In certain cases, a customer who implements a Big Data environment, cannot afford to completely move to the cloud. Either because of the data security or the lack of resources, it always results in an on-premises cluster. If the size of the cluster is based on everyday use, solving problems that insist large resources, will not be efficient on the cluster, or the primary job will be overshadowed. In these kinds of cases the most subservient way is to execute the rarely running, highly performing job in the cloud. If this works automatically, with a stabile architecture, then we can spare an enormous amount of money and human resource. A great example for this problem would be adaptive streaming analytics, which’s model’s recomputing requires a lot of resources. However, as we do not have this kind of solution in the field, this became the topic of my thesis.
Firstly, I had to get to know similar solutions. After that, I began to plan the architecture piece by piece, it was clear what kind of jobs were needed to be done, so I looked for the adequate softwares.
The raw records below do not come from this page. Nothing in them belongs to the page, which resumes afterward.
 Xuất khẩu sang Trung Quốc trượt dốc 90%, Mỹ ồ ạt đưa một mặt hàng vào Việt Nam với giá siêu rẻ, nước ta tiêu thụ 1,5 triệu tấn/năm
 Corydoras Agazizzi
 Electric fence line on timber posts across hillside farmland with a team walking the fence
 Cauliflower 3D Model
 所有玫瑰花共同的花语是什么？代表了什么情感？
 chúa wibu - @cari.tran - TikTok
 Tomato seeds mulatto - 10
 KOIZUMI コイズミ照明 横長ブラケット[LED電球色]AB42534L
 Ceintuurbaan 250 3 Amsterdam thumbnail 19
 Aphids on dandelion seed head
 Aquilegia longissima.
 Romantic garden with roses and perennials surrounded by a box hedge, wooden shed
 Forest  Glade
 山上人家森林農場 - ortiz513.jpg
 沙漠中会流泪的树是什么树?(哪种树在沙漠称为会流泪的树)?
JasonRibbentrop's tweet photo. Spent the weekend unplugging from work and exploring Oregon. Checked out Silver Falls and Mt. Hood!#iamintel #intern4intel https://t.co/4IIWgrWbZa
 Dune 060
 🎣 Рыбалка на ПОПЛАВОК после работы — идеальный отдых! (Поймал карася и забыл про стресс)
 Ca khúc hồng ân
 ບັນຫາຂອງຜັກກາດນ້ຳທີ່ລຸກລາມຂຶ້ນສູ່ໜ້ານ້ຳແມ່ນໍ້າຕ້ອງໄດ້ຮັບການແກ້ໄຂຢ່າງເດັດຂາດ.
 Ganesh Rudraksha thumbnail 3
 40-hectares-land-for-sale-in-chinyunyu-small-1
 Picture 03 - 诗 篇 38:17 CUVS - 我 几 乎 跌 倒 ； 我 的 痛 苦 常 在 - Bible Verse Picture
When I found the right softwares, I examined them to find out which one is the most appropriate to deal with the task besides working together with the other ones. After I composed the scheme of the architecture and chose the softwares, I built the on-premises cluster and a reference cluster in the cloud and with a script I connected them. Then I installed the components and configured them.
To finish the task, I had to find a work where I can introduce the peculiarities of the problem. During my search, I struck upon the stream of the meetup.com which was a great tool to demonstrate the solution of the problem in progress. For this, I wrote softwares that eventually combined into a workflow.
With the work, I could test the architecture and make my conclusions. After a successful test, taking into consideration the performance and costs I compared it to other, more known architectures. After the comparison I made the conclusion, that the architecture, designed by me, outshines the conventional ones both in efficiency and in cost-effectiveness.